Top of DATA SECTION

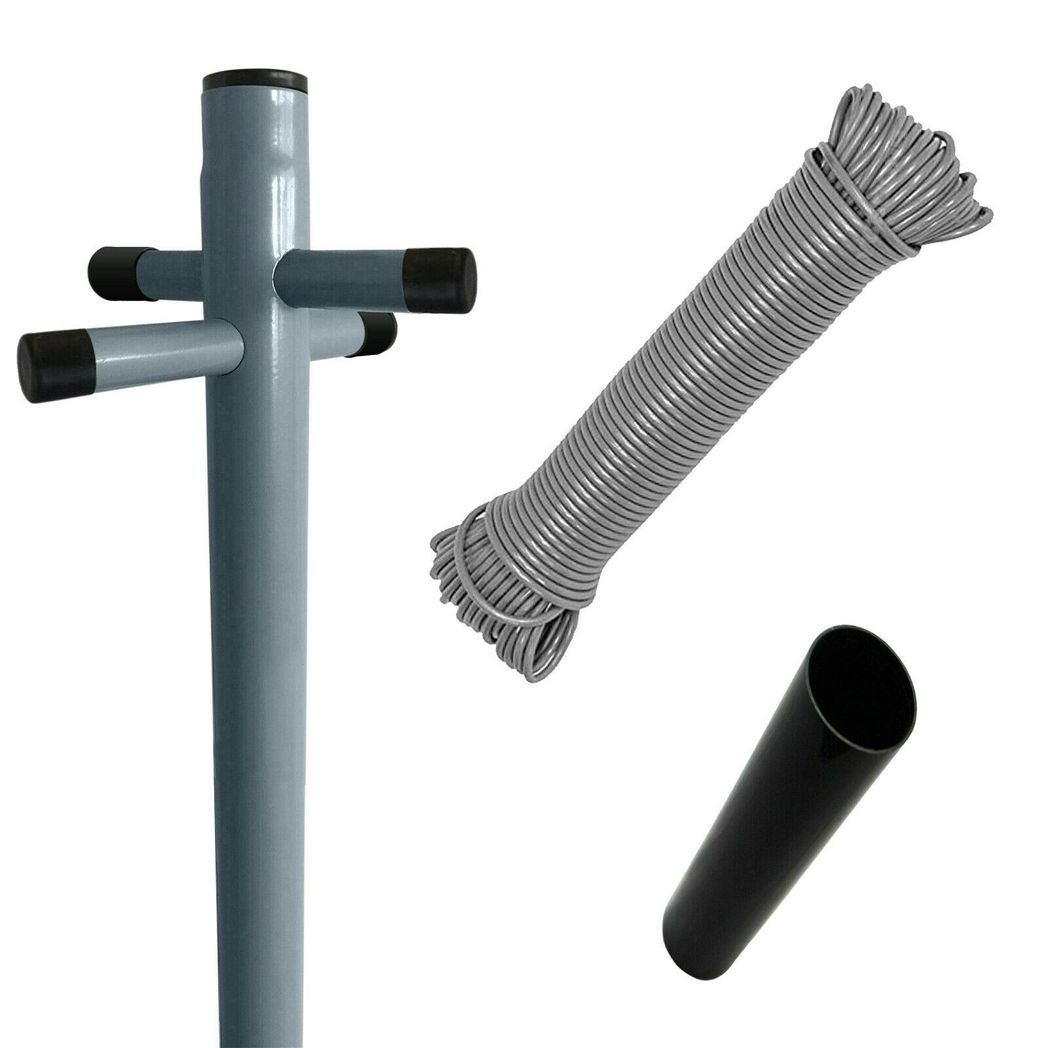 2-Piece Heavy Duty Clothes Post Washing Line with Socket, 2.4m Overall Height, Powder Coated Steel, 38mm x 1.0mm Thickness, Grey and Black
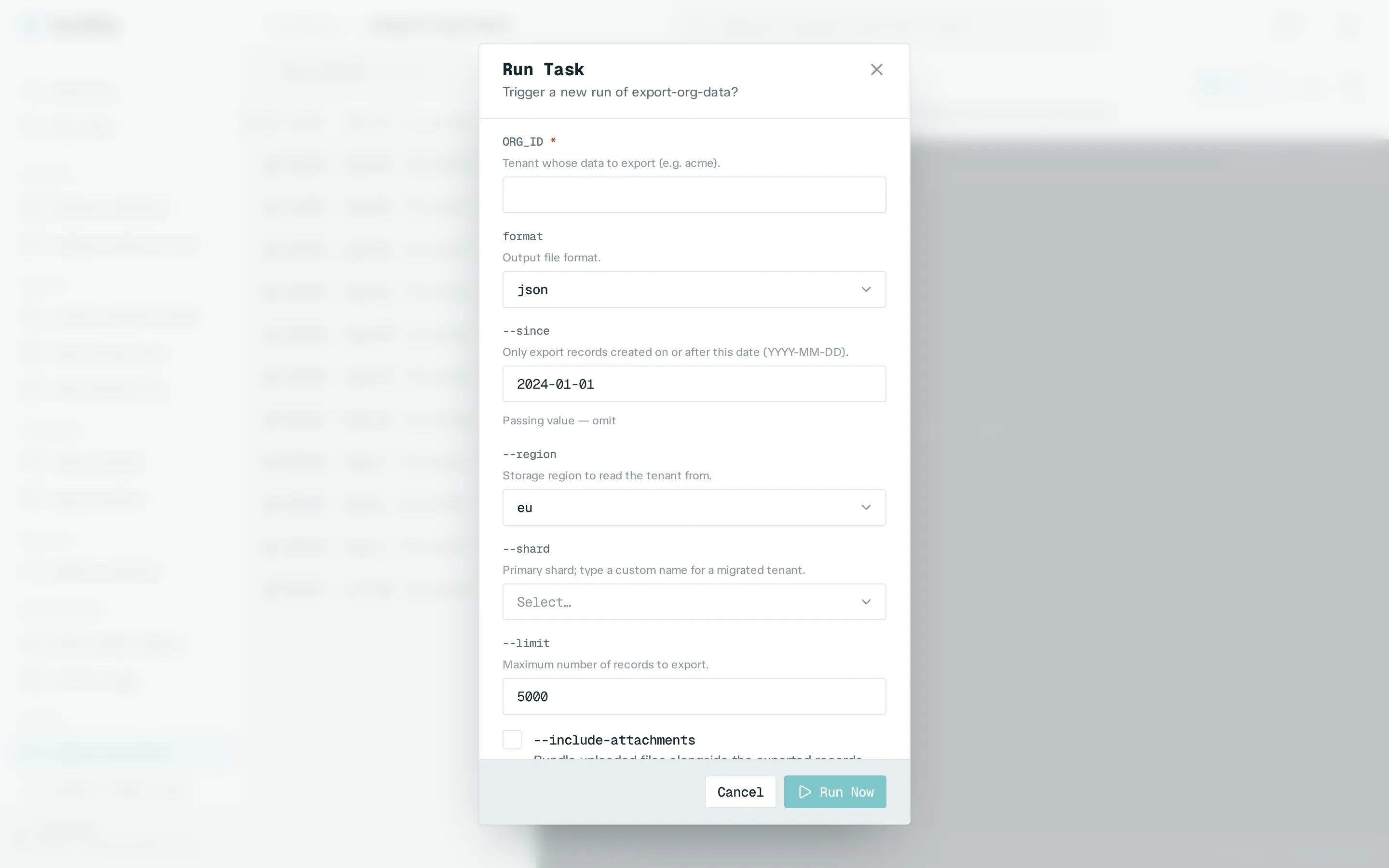 Run Task modal for export-org-data: a form of text fields, dropdowns, a number input, and a toggle — one control per declared parameter, each with help text underneath.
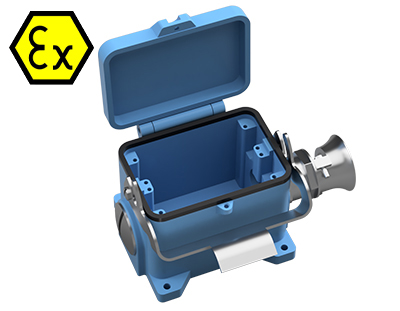 Закрытое основание разъема EX 70.341.4836.3 - Основание разъема на панель, закрытое, типоразмер 48B, взрывозащищита, с уплотнителем, 1 кабельный ввод с разгрузкой на изгиб M32x1,5, IP54, с левым расположением, с одной защелкой, с защитной крышкой, материа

Bottom of DATA SECTION

### REQUIRED WORK
Go through the listing above and retype each line exactly, apart from the pictures.

### TASK OUTPUT
 2-Piece Heavy Duty Clothes Post Washing Line with Socket, 2.4m Overall Height, Powder Coated Steel, 38mm x 1.0mm Thickness, Grey and Black
 Run Task modal for export-org-data: a form of text fields, dropdowns, a number input, and a toggle — one control per declared parameter, each with help text underneath.
 Закрытое основание разъема EX 70.341.4836.3 - Основание разъема на панель, закрытое, типоразмер 48B, взрывозащищита, с уплотнителем, 1 кабельный ввод с разгрузкой на изгиб M32x1,5, IP54, с левым расположением, с одной защелкой, с защитной крышкой, материа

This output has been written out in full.